▶ RAW DATA:
══════════
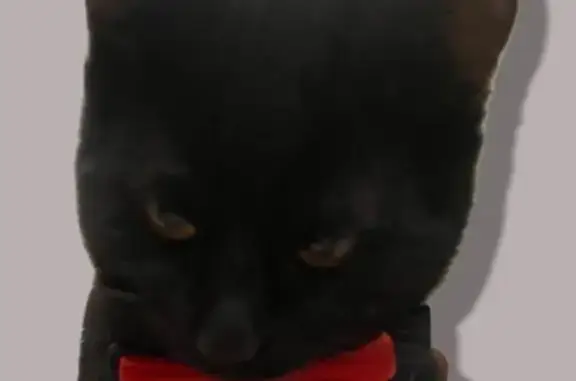 Кошки потеряшки, Таганрог, фото: Потеряшка кошка, Спартаковский пер., 16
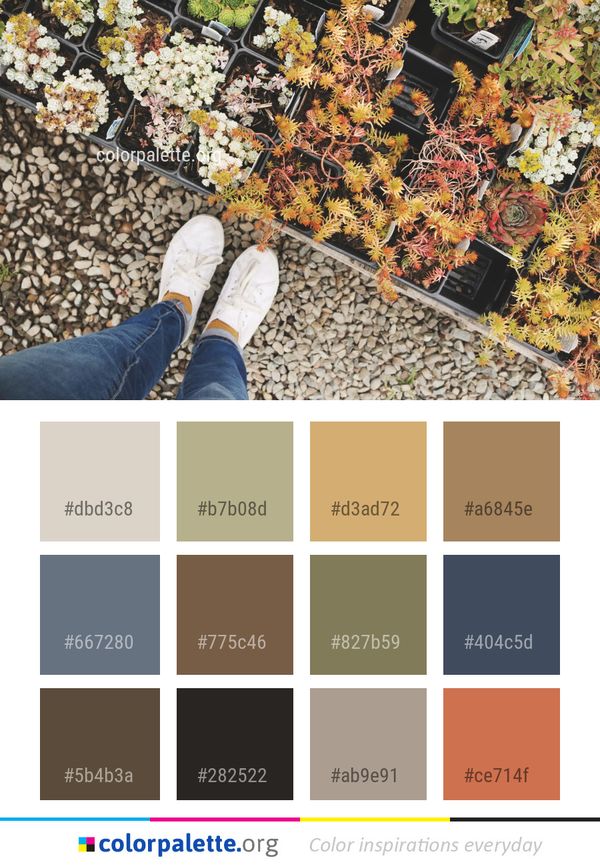 Plant Autumn Tree Color Palette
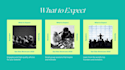 create fully program responsive website using php mysql javascript CSS html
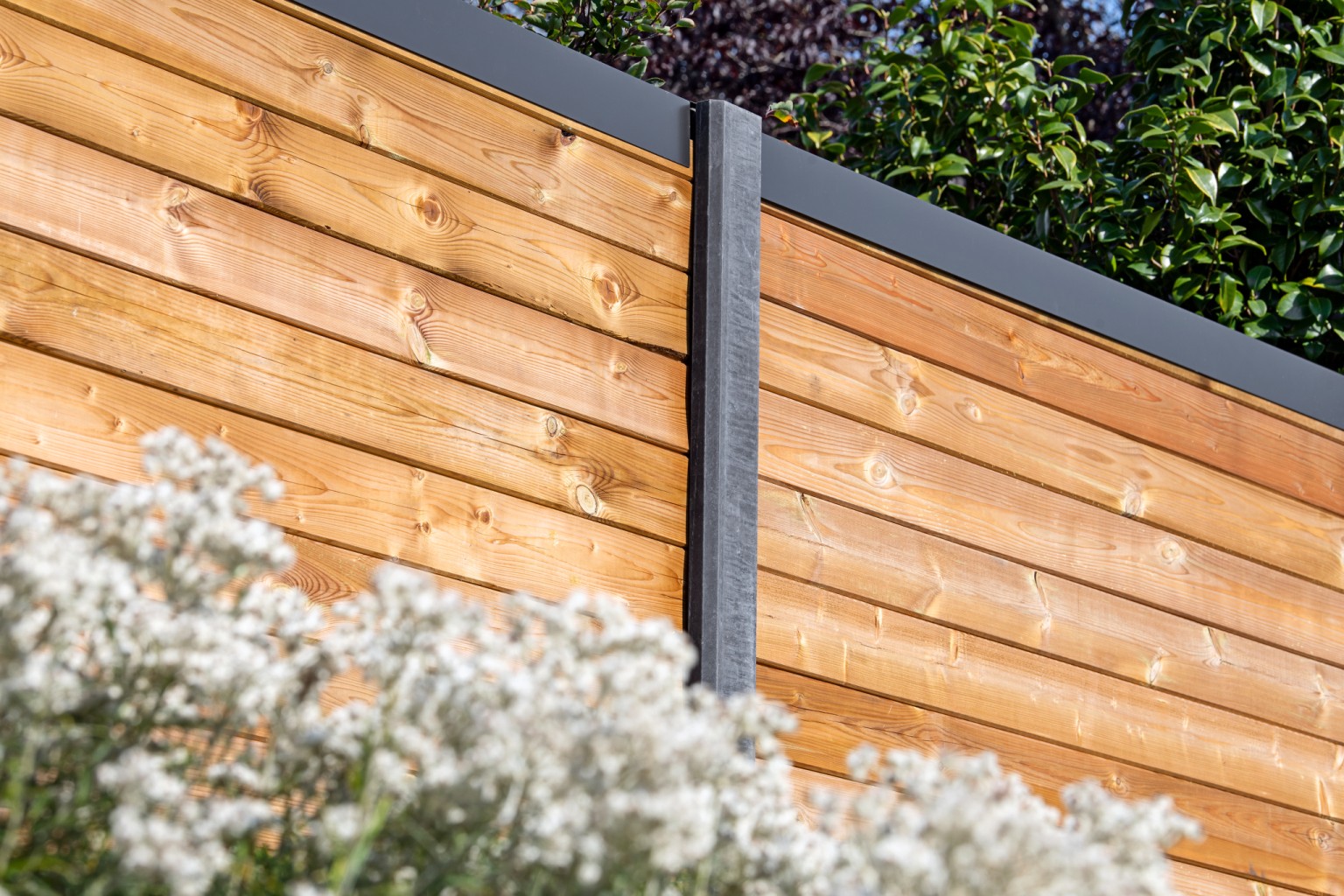 67372fdb1e5c2-3d014bc2cad5c7950a5036833c56472d93c345ea-p043299-r-v05-0-202104jpg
══════════
▶ WHAT YOU HAVE TO DO:
Copy the data precisely. Skip every picture.

▶ ANSWER TO THIS TASK:
 Кошки потеряшки, Таганрог, фото: Потеряшка кошка, Спартаковский пер., 16
 Plant Autumn Tree Color Palette
 create fully program responsive website using php mysql javascript CSS html
 67372fdb1e5c2-3d014bc2cad5c7950a5036833c56472d93c345ea-p043299-r-v05-0-202104jpg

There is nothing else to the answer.